The 1619 Project: A New Origin Story
edited by Nikole Hannah-Jones et al. (One World, $38)
From the moment it was published, The New York Times’ 1619 Project “created a discourse that nearly obscured the thing itself,” said Rebecca Onion in Slate.com.
But the controversies stirred up by the special August 2019 Times magazine issue show how brilliantly it framed a revolutionary idea: that today’s America was born not in 1776 but in 1619, the year that the first enslaved Africans were brought to England’s American colonies. The magazine’s original collection of essays, fiction, and poetry has now been expanded into a book that “achieves the impossible on so many levels.” Though it’s significantly longer—with seven new essays and 19 new works of fiction and poetry—it’s “easier to read,” because it more clearly maps the 400-year history that each of the many contributors draws from when spotlighting a particular event or moment to show slavery’s enduring impact.
This expanded version of The 1619 Project repeats many of the original’s flaws, said Chris Stirewalt in TheDispatch.com.
Though the book is “kitted out with the trappings of scholarly work, including a kind of intramural peer-review process,” project creator Nikole Hannah-Jones “dismisses even the gentle reproaches of her kindest critics” while never justifying the book’s central claim that slavery was the foundation on which our country was built. A few contributors, including culture critic Wesley Morris, have listened to the feedback and thoughtfully modified their original essays.
Otherwise, this version of The 1619 Project is “very clearly built to be a sacred text”— the type of book that no reader can argue against without being accused of racism.

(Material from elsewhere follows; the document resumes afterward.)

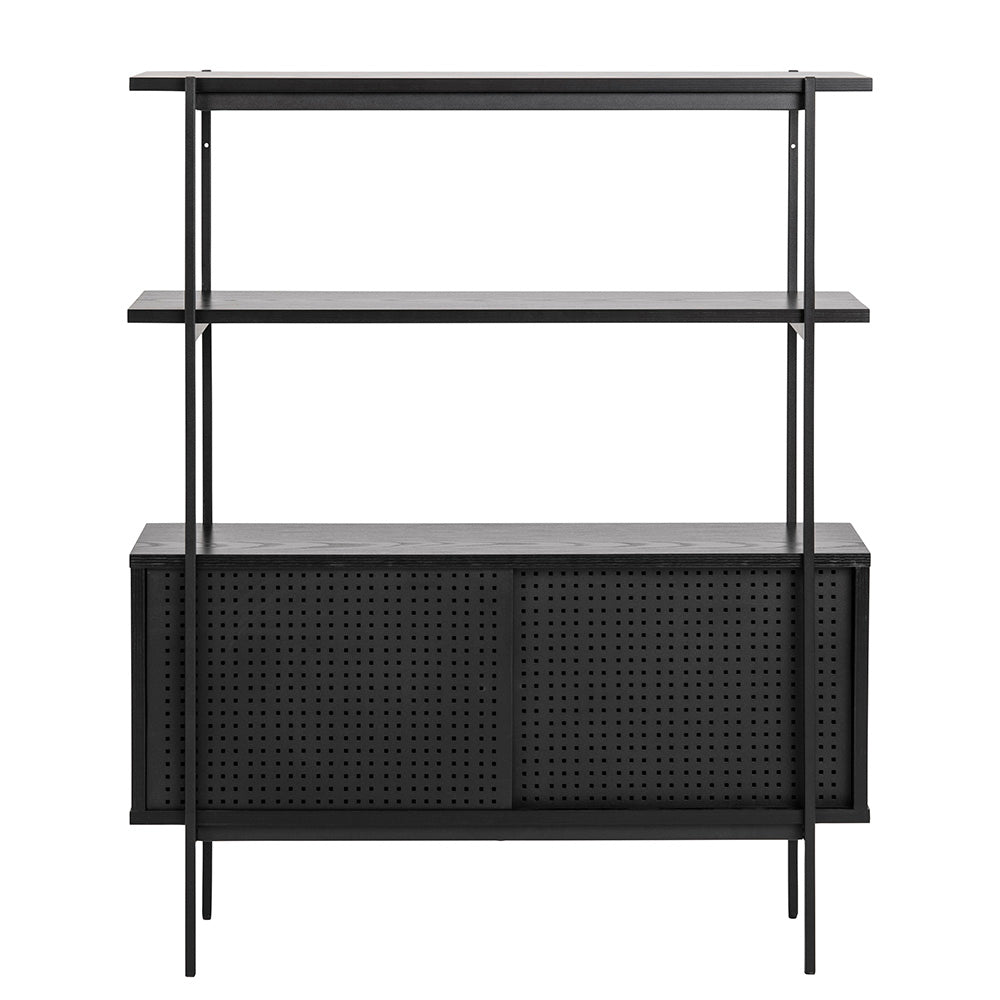 KREMAN 94cm Black Display Unit - Modern Shelf for Living Room, Bedroom & Office Storage & Organization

There is an elusiveness to the project that makes it hard for anyone to argue with, said Carlos Lozada in The Washington
Post. Sometimes the book seems to insist on recognizing 1619 as the date of America’s birth; other times, it suggests that America has many origin points. In a new example of shape shifting, this extended version of the project closes with a chapter by HannahJones that puts aside historical analysis to advocate a political agenda. In “Justice,” she argues that an enduring wealth gap is the most significant barrier for Black Americans today and that anyone who understands the nation’s history should support addressing this wealth disparity through reparation payments and the creation of free universal health care, child care, and college. The history provided up to that point is “powerful and memorable,” and “The 1619 Project’s activist turn need not necessarily affect how one regards the American origin story it presents.” Still, it’s instructive to know the purpose that the project is intended to serve.